For people from historically disadvantaged and poor communities, "when one of these storms comes and knocks you down, that can be what keeps you from the preventative treatment you need," Cruz says.
Those risks may have grown. More than 80% of the storm-associated deaths happened in the second, more recent, half of the researcher's study period, from 2004 to 2019. Hurricane Katrina, in 2005, was the deadliest, followed by Hurricanes Irma, in 2017, and Sandy, in 2012. The researchers did not include Hurricane Maria in their analysis because the dataset they worked from covered only the continental United States.
Climate change has already intensified hurricanes. Flood and wind risks have grown; Hurricane Harvey dumped 15% more rain over Texas than it would have in a world without fossil fuel-driven climate change. The possibility of two major storms like Katrina and Harvey making landfall within a few weeks, which is unheard of today, is increasingly likely by 2100.
The researchers didn't directly link climate change-intensified storms to deaths. But "anthropogenic climate change, that's certainly a factor," says Parks. People are also more often ending up in the pathways of storms; population growth is booming near coasts and even in flood zones. In North Carolina, 10 new houses have been built in floodplains for each one that went through a government-sponsored buyout because of flood risk.

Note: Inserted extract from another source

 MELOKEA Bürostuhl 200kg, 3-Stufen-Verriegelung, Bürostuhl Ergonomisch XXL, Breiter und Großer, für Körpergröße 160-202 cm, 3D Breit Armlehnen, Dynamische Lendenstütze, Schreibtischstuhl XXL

Societal inequities play a major role as well. Broward County, Florida has some of the wealthiest and poorest communities in the state. After Hurricane Matthew in 2016, deaths were concentrated within the poor communities within the county, the research showed. "The rich have the planes and the rich have the second homes" to evacuate to, says Parks. "But what about people who just literally need, you know, waterproof equipment and power to be able to power the generators to power breathing apparatus or obtain a ride out of a place which is about to get hit by a big wave from a flash flood due to a tropical cyclone?"
More clearly identifying those at risk, Parks says, highlights how to better help vulnerable people during disasters. "Those are things which society can change," he says. "And it's really a choice."
Scott Zeger, a biostatistician at Johns Hopkins University, hopes agencies like the CDC start using the study's more comprehensive view of storm-related deaths. "Something like this ought to be the means by which we monitor this going forward," he says. Careful analyses showing which communities suffer deep losses after storms, Zeger says, could help policymakers figure out where to funnel support.